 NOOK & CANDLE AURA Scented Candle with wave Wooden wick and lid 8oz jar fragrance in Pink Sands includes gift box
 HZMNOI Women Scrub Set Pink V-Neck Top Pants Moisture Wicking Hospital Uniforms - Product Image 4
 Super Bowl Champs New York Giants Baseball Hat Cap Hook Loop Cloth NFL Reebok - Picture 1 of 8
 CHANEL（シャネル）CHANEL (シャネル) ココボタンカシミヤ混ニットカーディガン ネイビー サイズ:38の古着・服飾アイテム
...
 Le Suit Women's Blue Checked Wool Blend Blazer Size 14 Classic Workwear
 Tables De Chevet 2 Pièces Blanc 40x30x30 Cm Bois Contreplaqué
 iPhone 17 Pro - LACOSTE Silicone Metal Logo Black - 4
---
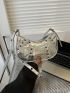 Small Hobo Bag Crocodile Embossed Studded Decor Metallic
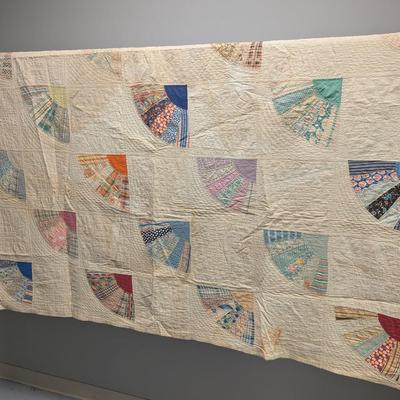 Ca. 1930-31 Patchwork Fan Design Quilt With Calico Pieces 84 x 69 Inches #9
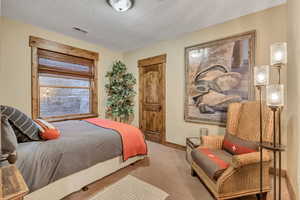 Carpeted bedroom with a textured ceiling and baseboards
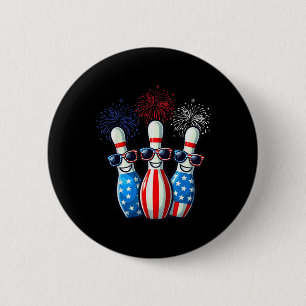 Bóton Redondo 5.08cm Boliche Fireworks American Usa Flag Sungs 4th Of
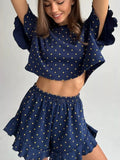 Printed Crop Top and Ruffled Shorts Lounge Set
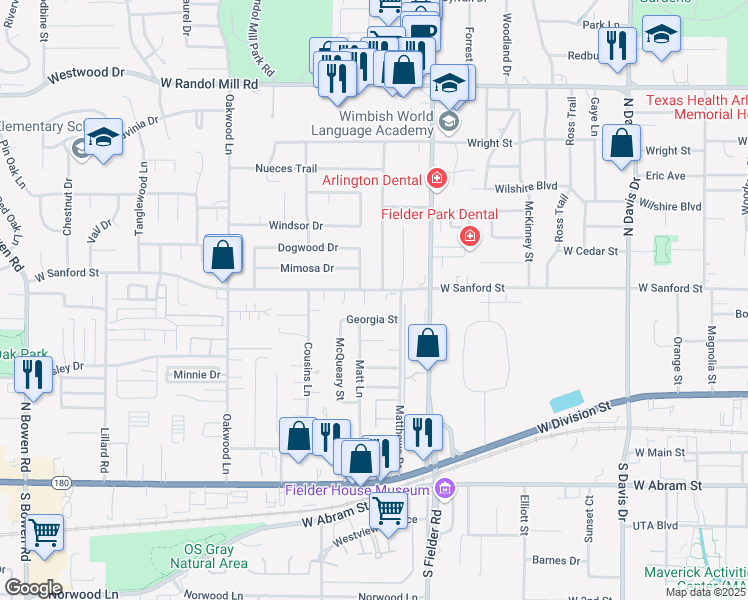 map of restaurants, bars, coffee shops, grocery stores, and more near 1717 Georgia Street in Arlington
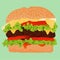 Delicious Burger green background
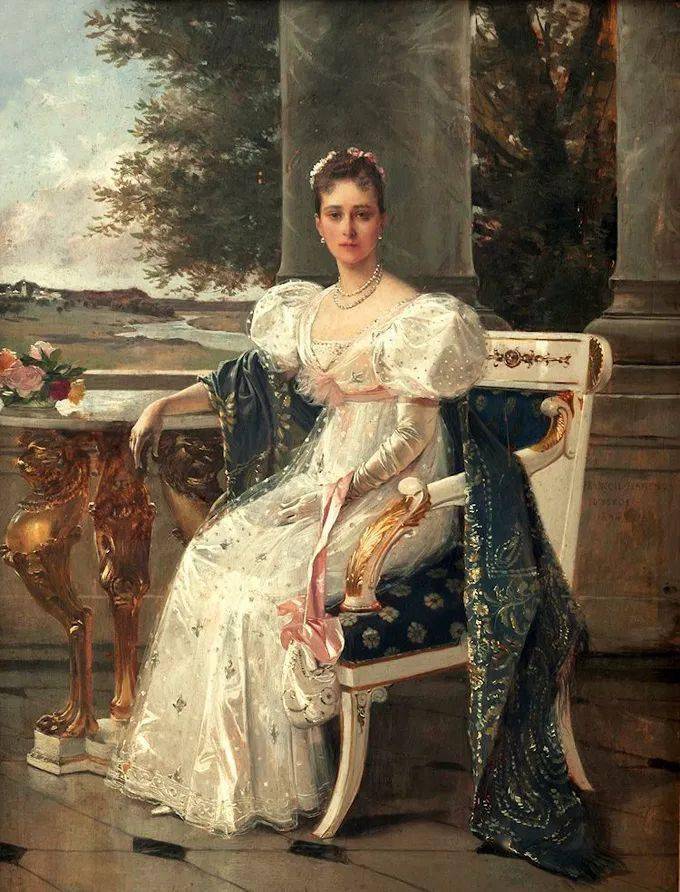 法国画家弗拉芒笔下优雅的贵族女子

(What you need to do):
In the data above, start at the line that has "NOOK & CANDLE", stop after the line that has "CHANEL（シャネル）CHANEL (シャネル) ココボタンカシミヤ混ニットカーディガン", and print every line in between exactly as it stands.

(Response to the task):
 NOOK & CANDLE AURA Scented Candle with wave Wooden wick and lid 8oz jar fragrance in Pink Sands includes gift box
 HZMNOI Women Scrub Set Pink V-Neck Top Pants Moisture Wicking Hospital Uniforms - Product Image 4
 Super Bowl Champs New York Giants Baseball Hat Cap Hook Loop Cloth NFL Reebok - Picture 1 of 8
 CHANEL（シャネル）CHANEL (シャネル) ココボタンカシミヤ混ニットカーディガン ネイビー サイズ:38の古着・服飾アイテム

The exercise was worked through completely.